The Australian Refrigeration Council (ARC) has published a new information pack, aimed at the mining sector, called Save time, money and the environment.
Contained within the pack, which has been sent to some 200 mines around Australia, are booklets and posters that explore and highlight common air conditioning issues in the mining industry.
These include the obligations of mine managers, the symptoms of refrigerant leaks and the subsequent problems that can be caused, and how to introduce and apply leak detection and preventative maintenance techniques.
Such advice, if employed correctly, can deliver myriad advantages – including protecting the environment from harmful refrigerant leaks, improving system efficiency and reducing downtime.
Regular inspections and preventative maintenance can also help avoid small issues from turning into major problems, saving money and time in the long run.
The proper functionality and regular maintenance of air conditioning systems in the mining industry also ensures a comfortable and safe environment for the equipment operator, which in turn delivers its own advantages.
ARC’s advice pack, which has been created with input from industry-related organisations and experts, also highlights the hazards of improper maintenance.

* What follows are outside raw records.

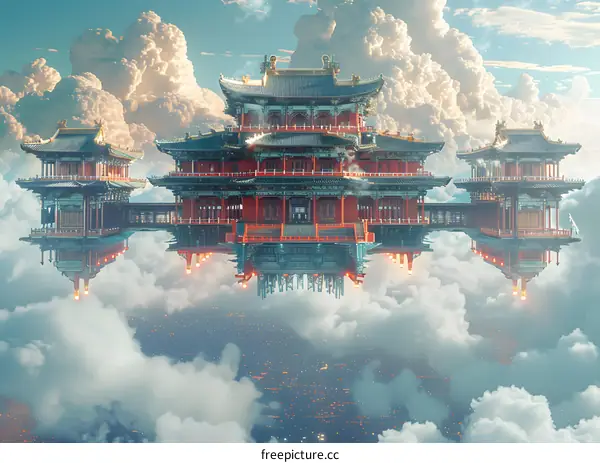 Floating Chinese Palace in the Clouds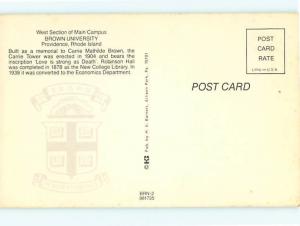 Vintage Post Card Brown University Carrie Tower Robinson Hall  R I  # 4108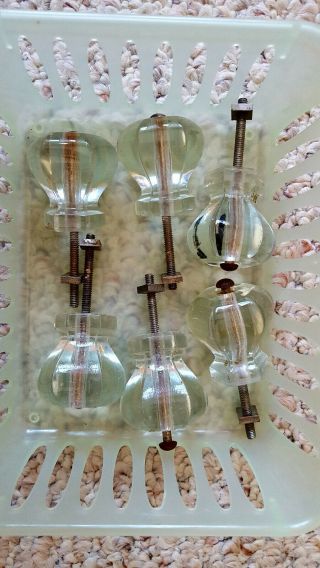 Vintage Antique Glass Drawer Pull Knobs - - Set Of 6 With Hardware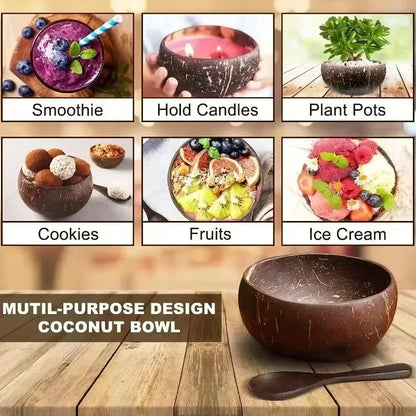 Wholesale Natural Coconut Bowls For Serving Dishes Salad Oatmeal Yogurt Reusable Wooden Coconut Shell Bowl Kitchen Tableware Set.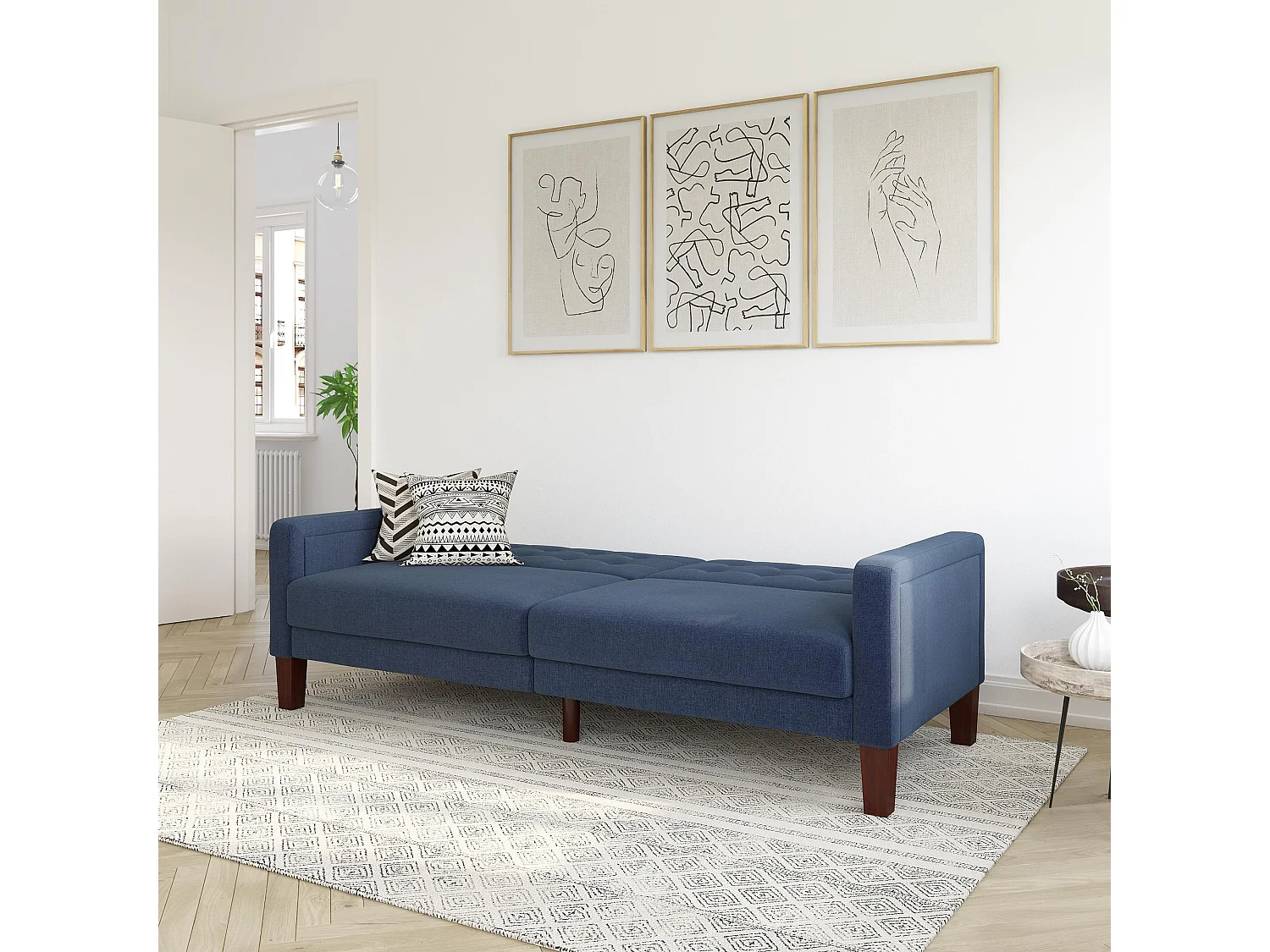 Porter | Canapé lit 3 places en lin bleu marine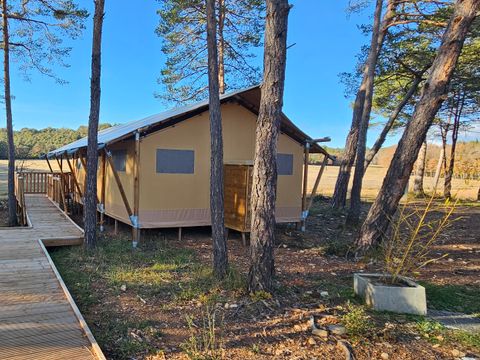 Tente en toile et en bois 4 personnes - Tente Lodge - 4 places - PMR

For example, the illegal practice of topping up refrigerant systems – which in itself indicates the system is leaking – can result in the inadvertent mixing of refrigerants. This can reduce the performance of the system and ultimately lead to a costly failure.
It can be dangerous, too; on 11 January 2021, the air conditioning system of a mining truck exploded, severely injuring its driver, because it had been charged with a refrigerant containing propane and isobutene instead of R134a.